Sunday, August 29, 2010

Survey Findings - Usage of Enterprise 2.0

As promised, these are the survey results regarding usage of Enterprise 2.0. This is our analysis.

We asked questions to the employees of different organizations to understand whether they understand the reason for the recent flourishing of Enterprise 2.0 activities.
  •  Large organizations which promote the usage of internal tools which are created on the lines of external social media tools don’t know the motive behind the organization’s investment in these tools. Hence, one point which comes out of this analysis is that communication program on the objectives has to be strengthened.
  • Again, in case of IT services organization which has great needs for knowledge management and content management have maximum number of employees who are not in sync with the organization’s objective behind the implementation of Enterprise 2.0.
  • Smaller companies seem to be adopted well and due to smaller size, the objectives are spread to the employees and the expectations from the new software is understood by the users and hence better viability of using these Enterprise 2.0 tools.
  • In a product based company, there is greater acceptability. This is demonstrated by the fact that the employees use these tools on almost day to day basis and find the usage helpful in terms of increasingtheir professional knowledge. 
  • Most of the users prefer the usage of external tools rather than the internal tools which are developed in-house which are more or less the replica of the functionality of the external tools.

Sunday, August 22, 2010

Calculate RoI or LoI? - Enterprise 2.0


Thanks to everyone who took time out to fill up the responses of our survey on Enterprise. In my subsequent posts, I will give short glimpse of the project which we had done. Can’t post the document in its entirety due to confidential details!!
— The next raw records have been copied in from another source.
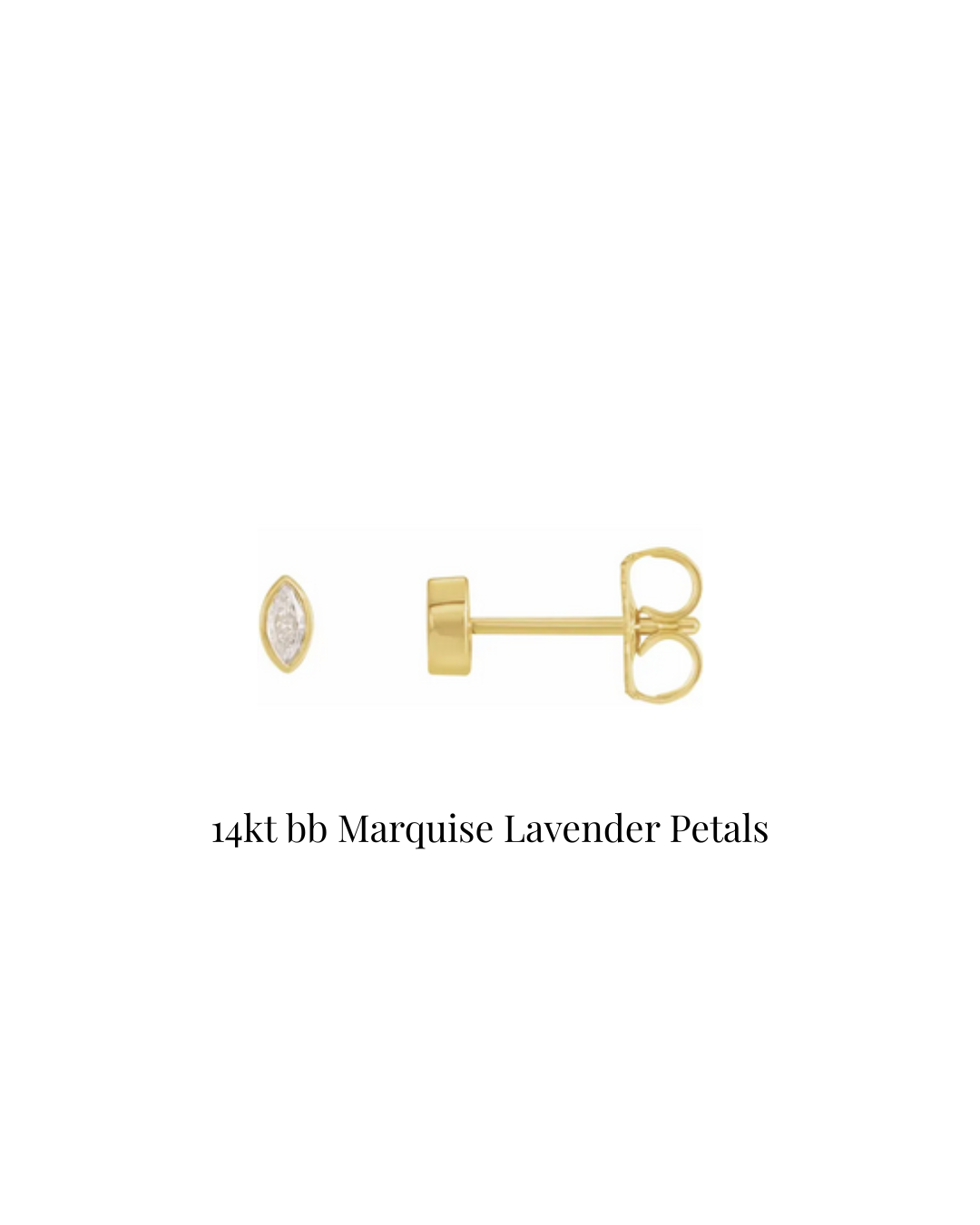 Valentines Stud Edit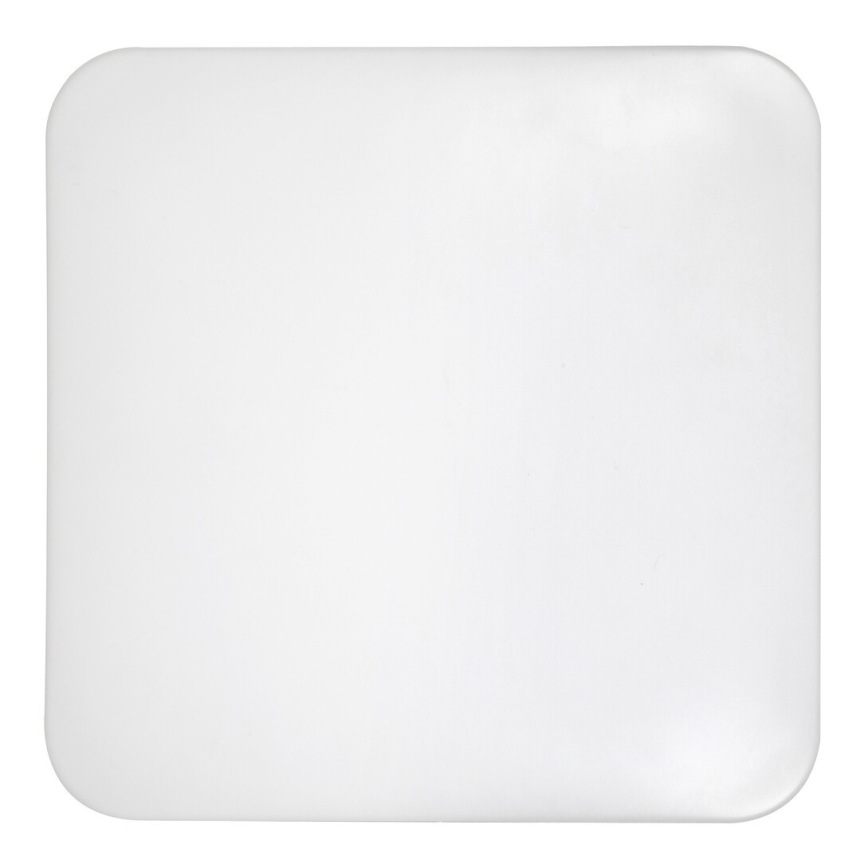 Rabalux - Plafonnier 1xLED/32W/230V 32x32 cm
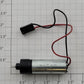 Maxon 41.015.016-00.00.015 12-Volt DC Can Motor with Gearbox and Wire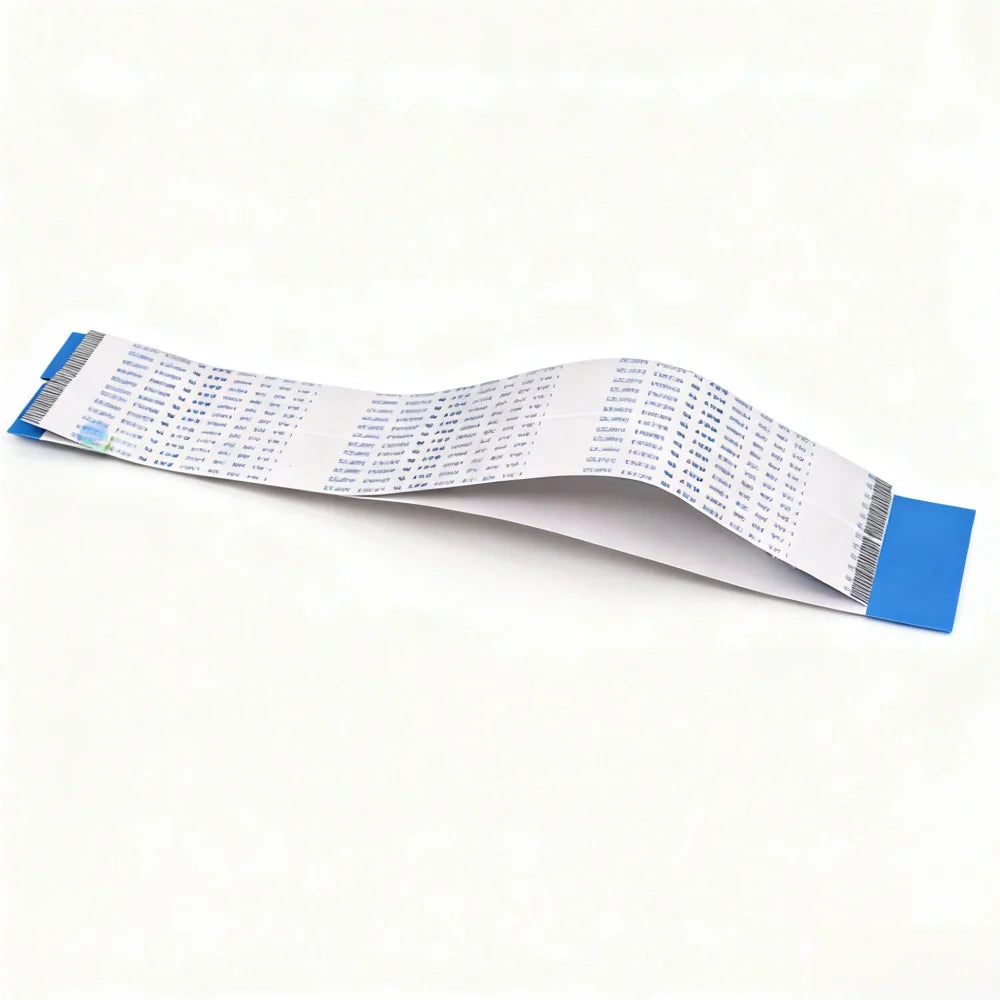 Printer Printhead Flat Cable 16P 20 cm for Epson 7908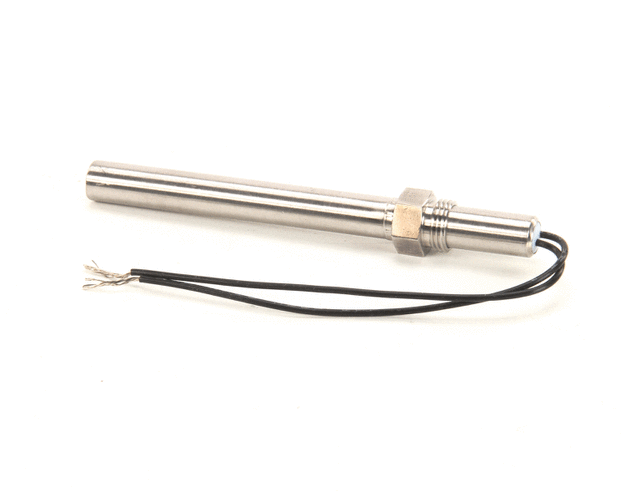 ALTO SHAAM PARTS EL-34554 - SKU ALTEL-34554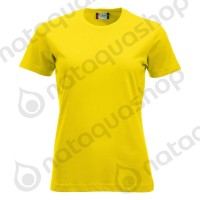 NEW CLASSIC-T - WOMEN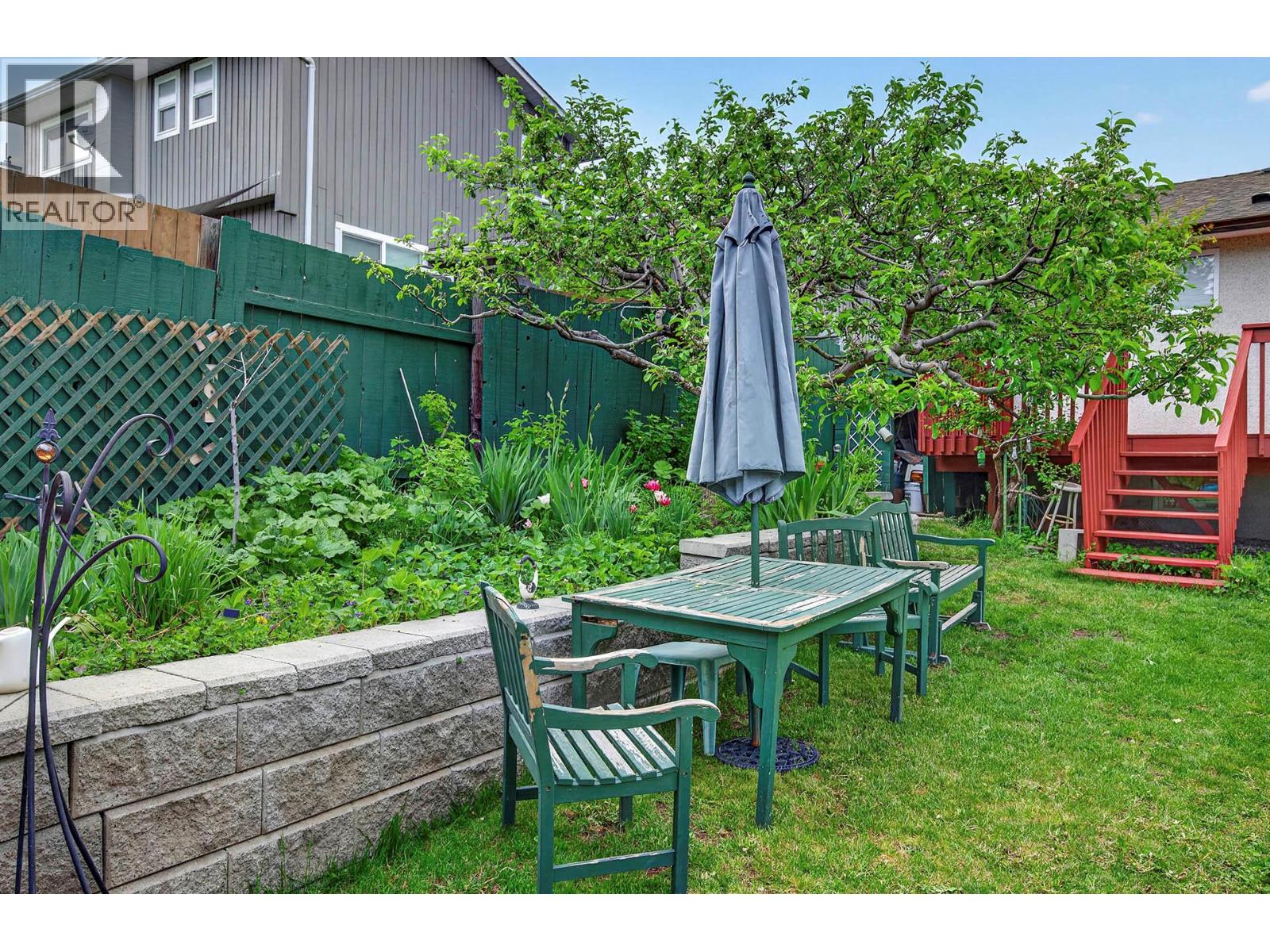 293 Robson Drive, Kamloops, British Columbia  V2E 1W2 - Photo 36 - 10380879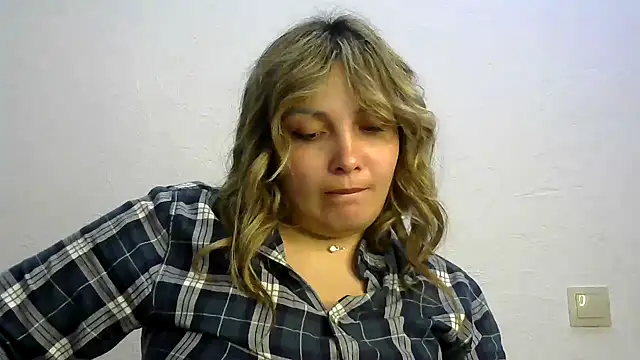 Iskor ka online show from 12-21-24, 07:27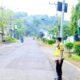 IMG 20260120 WA0006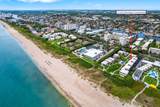 1877 Ocean Boulevard - Photo 2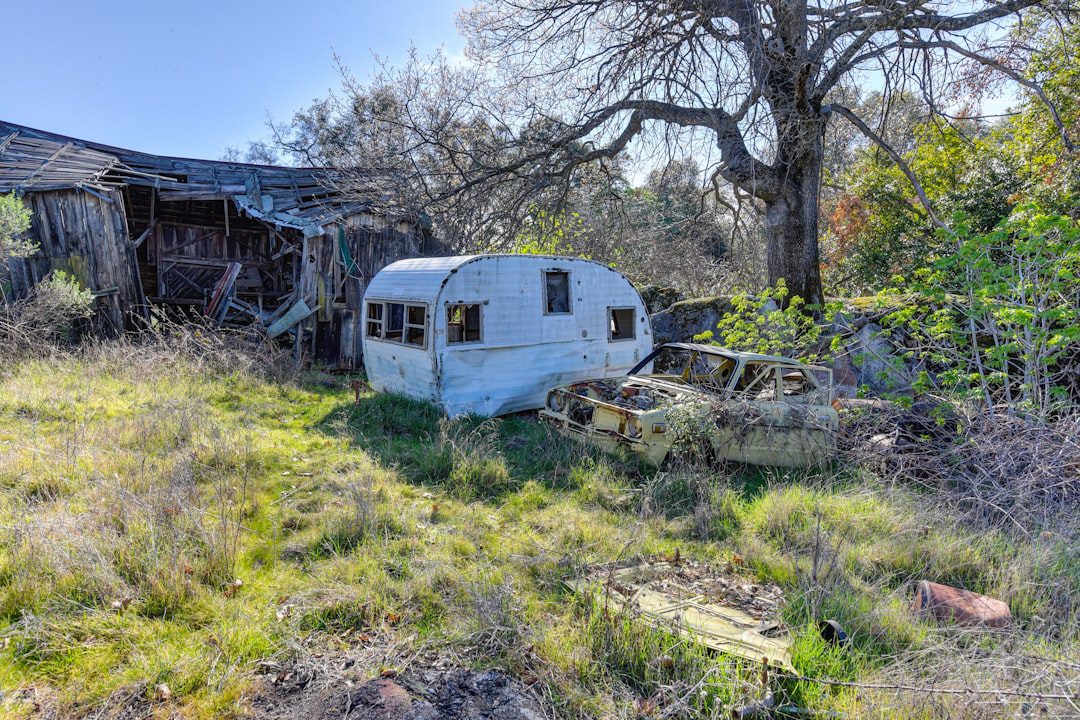 used mobile homes for sale san antonio under $10000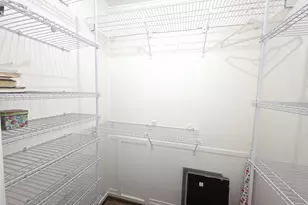 310 Marsh Pl, Murrells Inlet, SC 29576 - Photo 25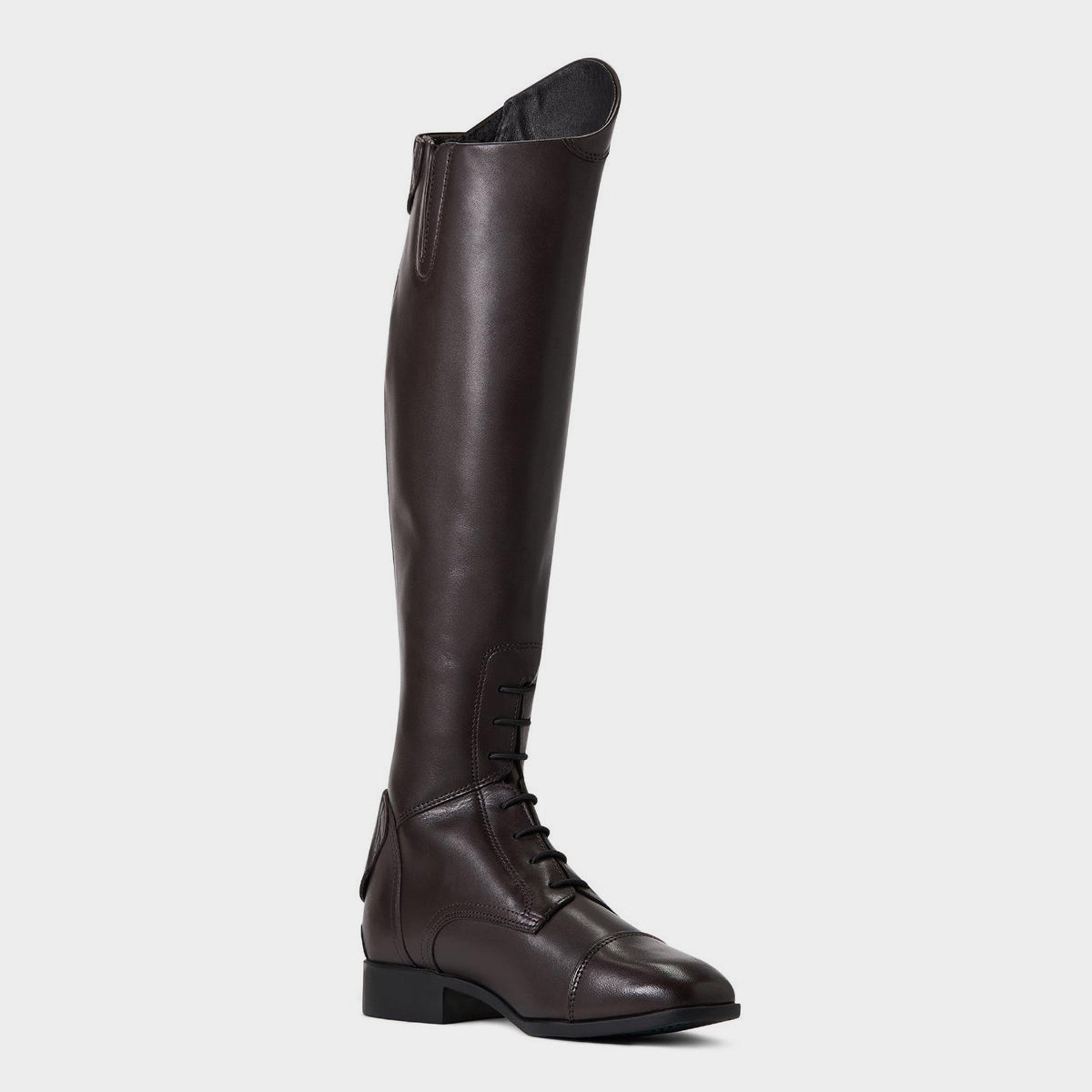Womens Palisade Boot Cocoa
Any discussion on Enterprise 2.0 eventually leads to discussion on what is the return on investment in Enterprise .0 and here are some of the findings.


Calculating ROI for Enterprise 2.0 investment is largely difficult due to the inherent nature of benefits which it displays. Results of collaboration between employees or customers which these technologies are usually seen over a longer period of time and might also go unnoticed. The increased revenue and reduction in costs in marketing and sales costs are also one of the results of employing Enterprise 2.0. We have mentioned usage of Microblogging as a marketing agent above but calculating the return from this infrastructure or resource is difficult.

Collaboration leads to creation of massive database of knowledge and training material. Once an organization has the required platform, the benefits which an employee or customer gain are usually not monitored or monetized. A readily available BoK might reduce the learning curve for an employee but it is hard to put it in financial terms.

There are ways however to try and calculate some returns if an organization finds innovative ways of putting new ideas to use which result out of collaboration. In a research done by Datamonitor, they comment that ROI can be calculated for large scale deployments of Enterprise 2.0 through the principle of Metcalfe’s Law. Basically it boils down to the number of users in the system and due to the communication channels which result.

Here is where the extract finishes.